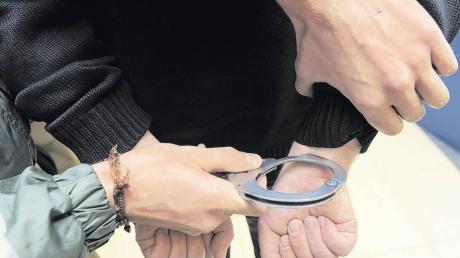 Zwei georgische Kriminelle sind in Senden bei einem Diebstahl auf frischer Tat ertappt worden.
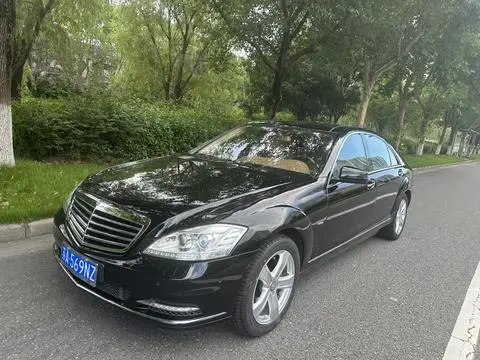 Mercedes-Benz S-Class 2012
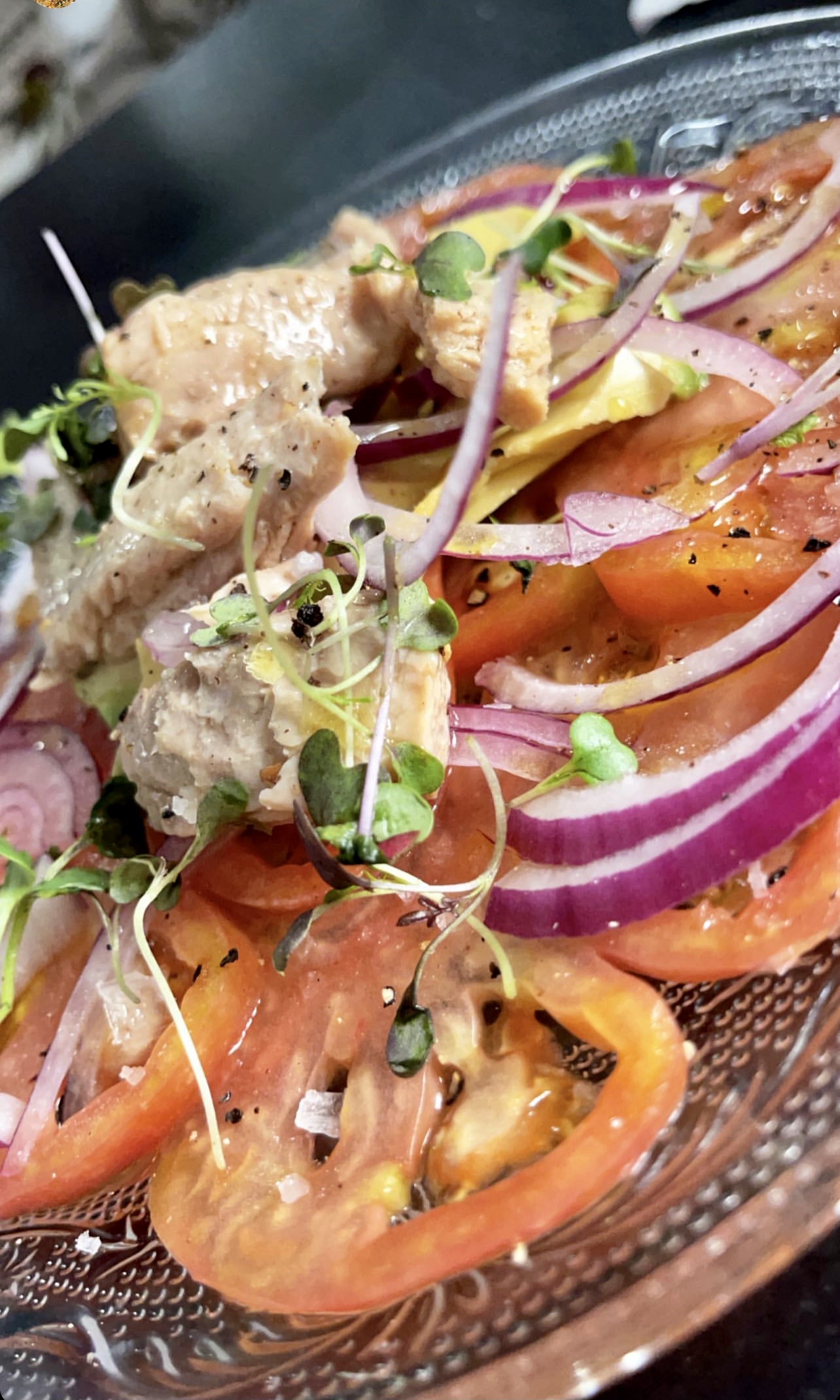 Ensalada de tomate con aguacate, ventresca de atún y cebolla roja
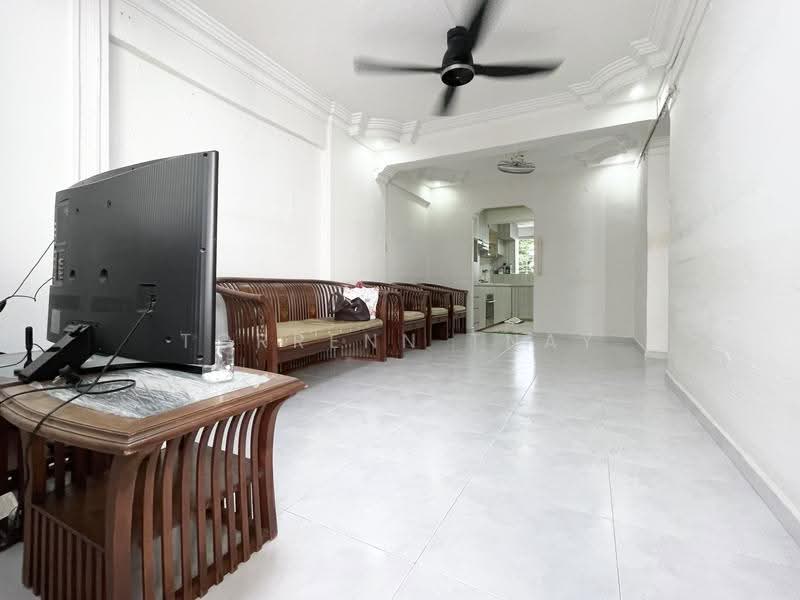 32 Marine Crescent, 32 Marine Crescent, East Coast / Marine Parade, 3 Bedrooms, 700 sqft, HDB Flat For Sale, by Torrenn Tnay, 500254962 - Living Room - PropertyGuru.com.sg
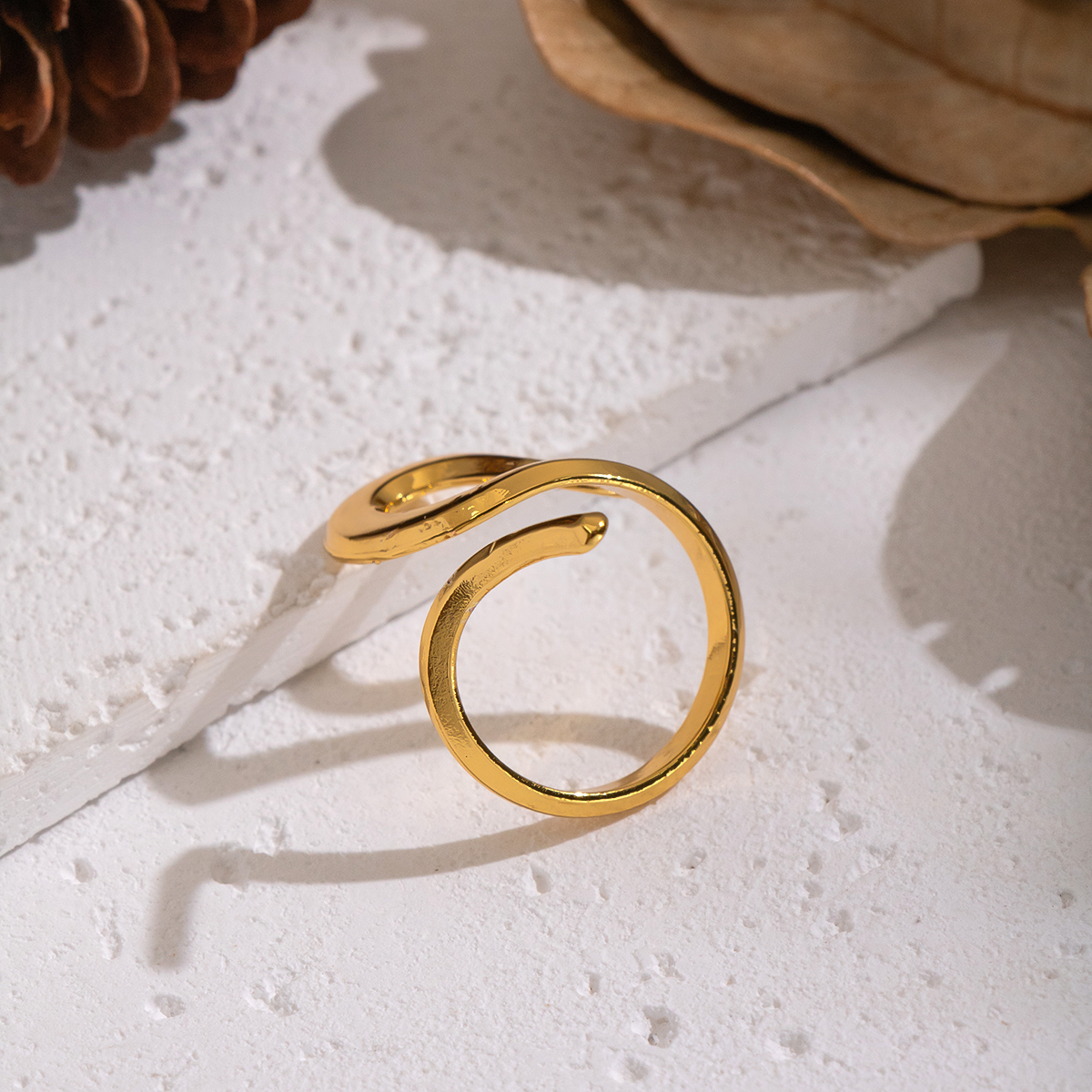 1 Piece Irregular Line Shape Stainless Steel Waterproof Gold Color Minimalist Ring Picture5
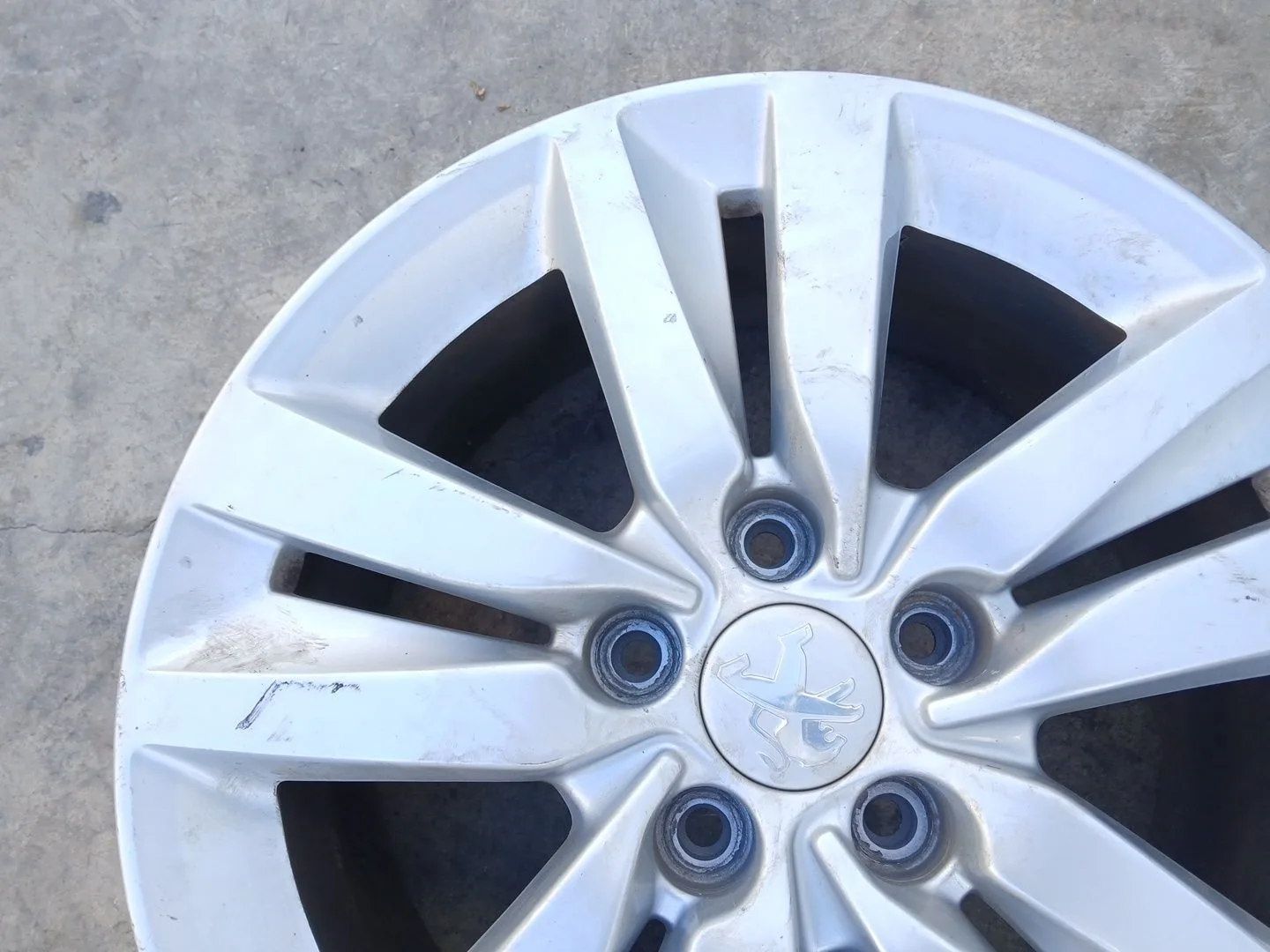 Llanta para Peugeot 308 Ii (Lb_, Lp_, Lw_, Lh_, L3_)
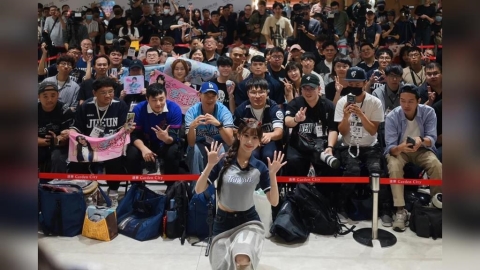 啦啦隊/雨再大都要看「珠珠寶貝」!李珠珢擔任一日店長限量50位球迷近距離互動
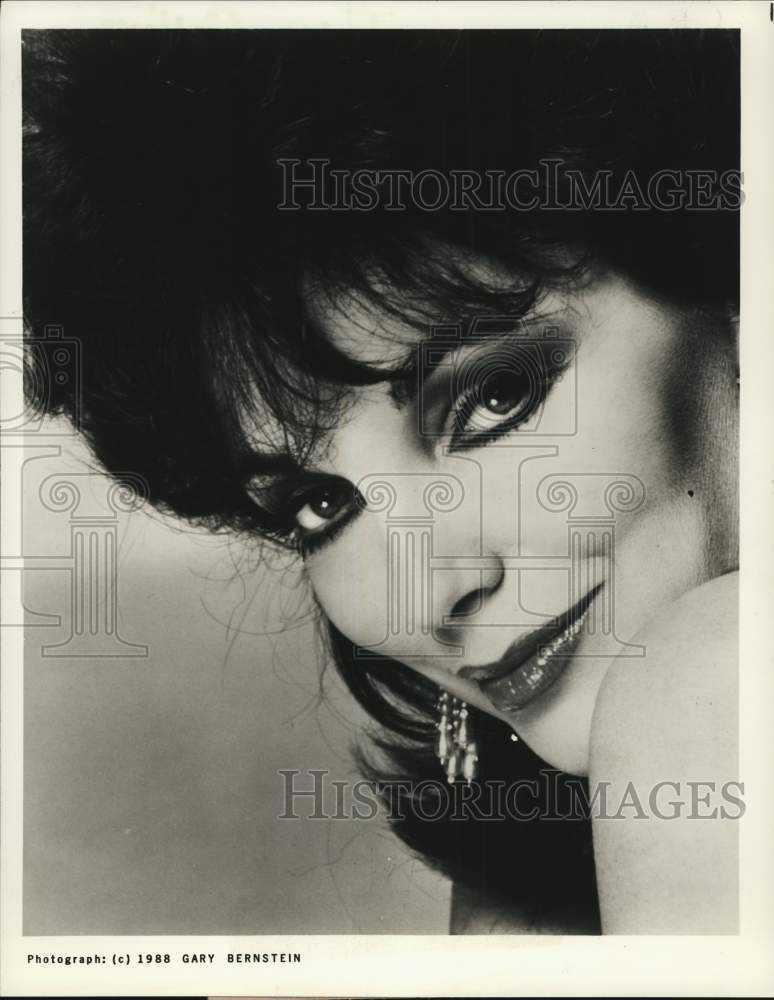 1988 Press Photo American actress Joan Collins - hca79369- Historic Images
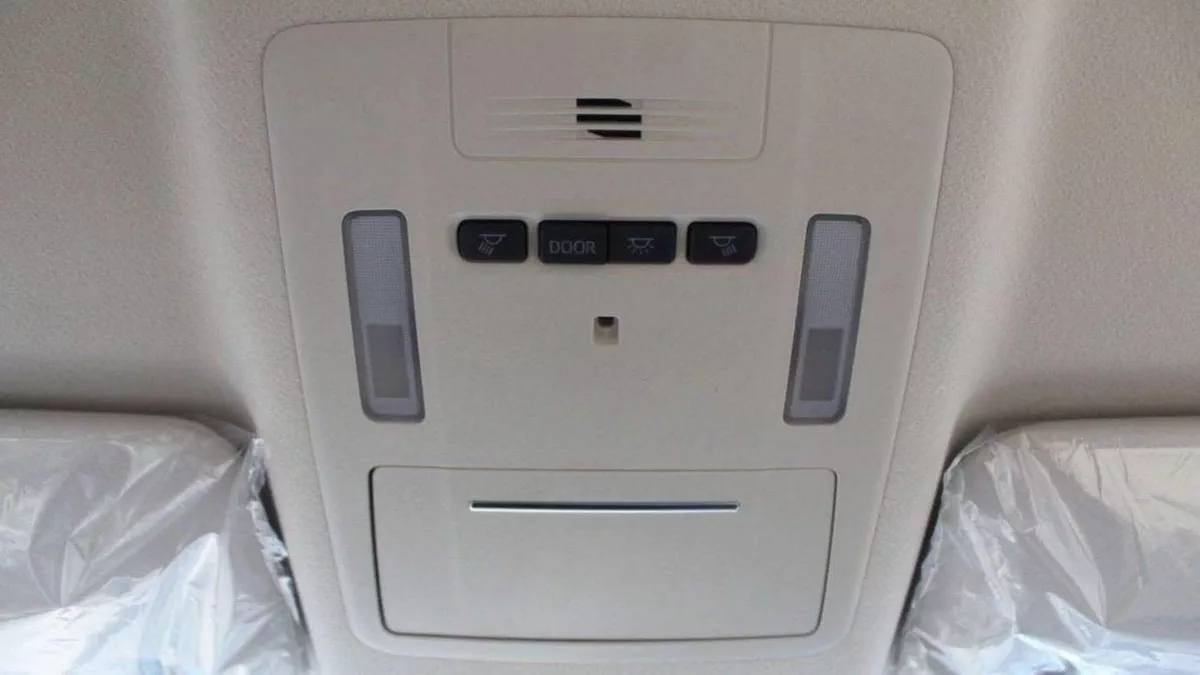 Toyota Granvia PREMIUM-15-0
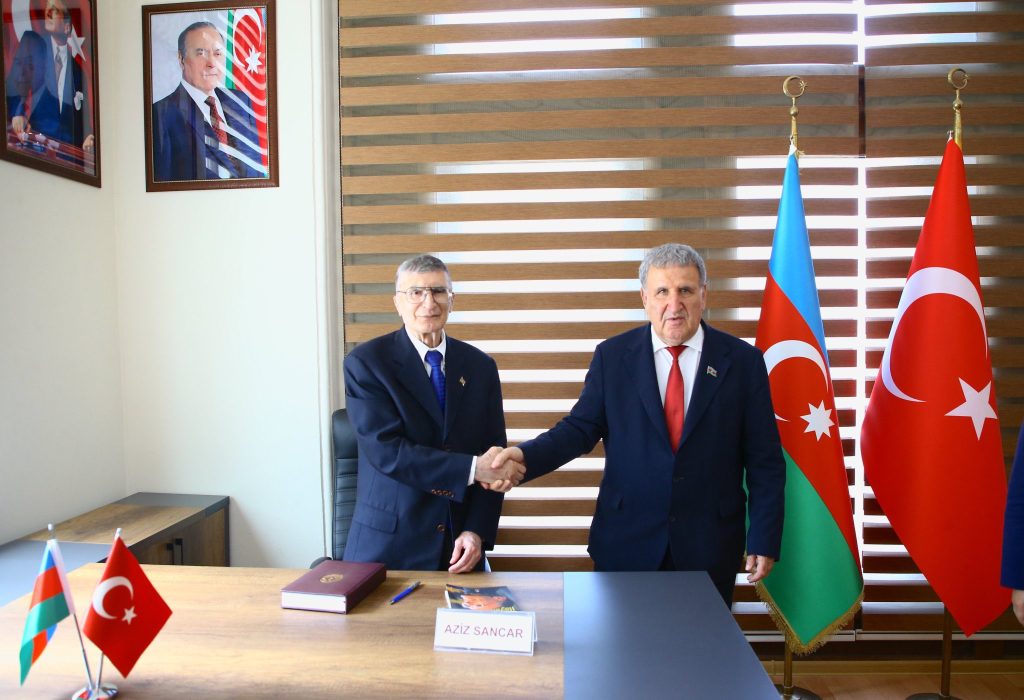 Nobel Ödüllü Sancar'a Azerbaycan'dan Onursal Üyelik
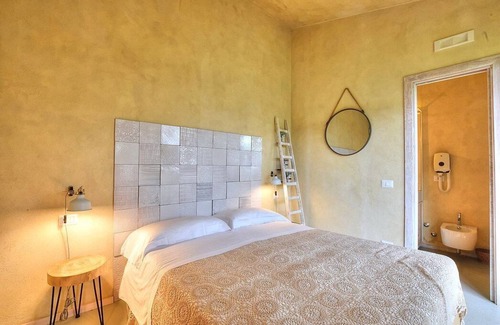 Caltagirone Villa | Villa Navelina: A characteristic and welcoming one-story villa in a quiet position, surrounded by the Sicilian countryside, with Free WI-FI.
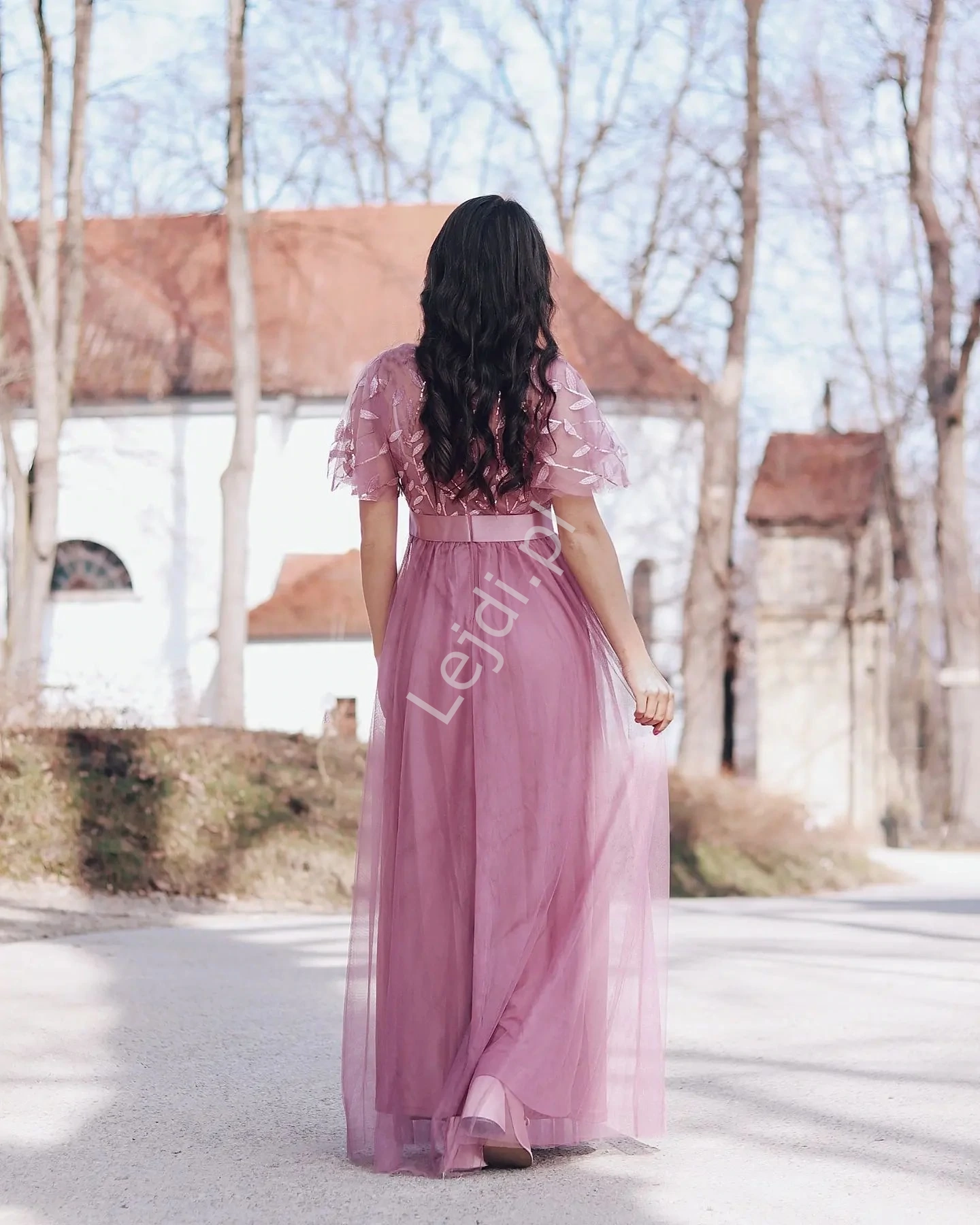  Pustynno różowa długa suknia z haftami listkami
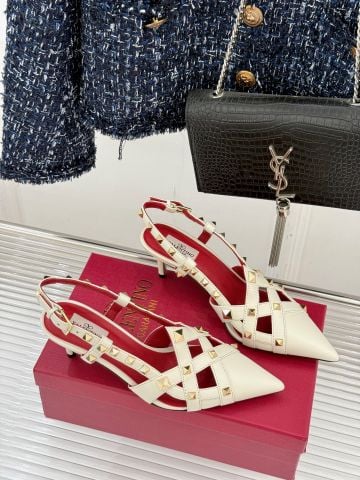 SANDAL CAO GÓT NỮ VLTN ĐINH TÁN ROCKSTUD MŨI NHỌN SANG CHẢNH – GÓT 6,5CM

+ + + + +

Work instructions -> Print the material in full and exactly; the pictures must not be printed.

Task response ->
 Zwei georgische Kriminelle sind in Senden bei einem Diebstahl auf frischer Tat ertappt worden.
 Mercedes-Benz S-Class 2012
 Ensalada de tomate con aguacate, ventresca de atún y cebolla roja
 32 Marine Crescent, 32 Marine Crescent, East Coast / Marine Parade, 3 Bedrooms, 700 sqft, HDB Flat For Sale, by Torrenn Tnay, 500254962 - Living Room - PropertyGuru.com.sg
 1 Piece Irregular Line Shape Stainless Steel Waterproof Gold Color Minimalist Ring Picture5
 Llanta para Peugeot 308 Ii (Lb_, Lp_, Lw_, Lh_, L3_)
 啦啦隊/雨再大都要看「珠珠寶貝」!李珠珢擔任一日店長限量50位球迷近距離互動
 1988 Press Photo American actress Joan Collins - hca79369- Historic Images
 Toyota Granvia PREMIUM-15-0
 Nobel Ödüllü Sancar'a Azerbaycan'dan Onursal Üyelik
 Caltagirone Villa | Villa Navelina: A characteristic and welcoming one-story villa in a quiet position, surrounded by the Sicilian countryside, with Free WI-FI.
  Pustynno różowa długa suknia z haftami listkami
 SANDAL CAO GÓT NỮ VLTN ĐINH TÁN ROCKSTUD MŨI NHỌN SANG CHẢNH – GÓT 6,5CM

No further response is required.